_What is being asked_
Reproduce the lines from the one holding "Taupe/Brown Stretchy Stackable Bracelets Set of 4 - Picture" to the end of the entries. Include both ends and change nothing.

_Data entries_

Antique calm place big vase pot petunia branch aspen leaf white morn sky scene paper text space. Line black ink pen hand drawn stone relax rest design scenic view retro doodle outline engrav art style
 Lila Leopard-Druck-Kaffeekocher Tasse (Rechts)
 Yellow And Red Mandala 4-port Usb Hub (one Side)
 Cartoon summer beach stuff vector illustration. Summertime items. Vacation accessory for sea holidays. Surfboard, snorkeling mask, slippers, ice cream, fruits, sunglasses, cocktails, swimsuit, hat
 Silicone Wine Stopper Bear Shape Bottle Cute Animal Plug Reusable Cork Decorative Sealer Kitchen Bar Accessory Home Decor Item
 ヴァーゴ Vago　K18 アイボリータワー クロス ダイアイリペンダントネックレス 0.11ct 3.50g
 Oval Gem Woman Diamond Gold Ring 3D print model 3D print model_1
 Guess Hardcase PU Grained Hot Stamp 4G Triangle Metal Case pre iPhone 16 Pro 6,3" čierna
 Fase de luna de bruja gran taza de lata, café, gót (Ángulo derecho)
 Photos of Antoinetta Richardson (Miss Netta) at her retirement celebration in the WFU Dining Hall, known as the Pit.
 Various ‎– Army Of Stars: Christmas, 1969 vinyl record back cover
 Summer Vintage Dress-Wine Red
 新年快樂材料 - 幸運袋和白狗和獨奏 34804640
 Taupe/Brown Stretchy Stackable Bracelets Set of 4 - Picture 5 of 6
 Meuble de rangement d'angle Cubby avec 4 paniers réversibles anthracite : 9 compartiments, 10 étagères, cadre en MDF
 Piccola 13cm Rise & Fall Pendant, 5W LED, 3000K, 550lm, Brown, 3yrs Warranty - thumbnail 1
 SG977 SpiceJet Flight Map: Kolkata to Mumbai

_Response box_
 Taupe/Brown Stretchy Stackable Bracelets Set of 4 - Picture 5 of 6
 Meuble de rangement d'angle Cubby avec 4 paniers réversibles anthracite : 9 compartiments, 10 étagères, cadre en MDF
 Piccola 13cm Rise & Fall Pendant, 5W LED, 3000K, 550lm, Brown, 3yrs Warranty - thumbnail 1
 SG977 SpiceJet Flight Map: Kolkata to Mumbai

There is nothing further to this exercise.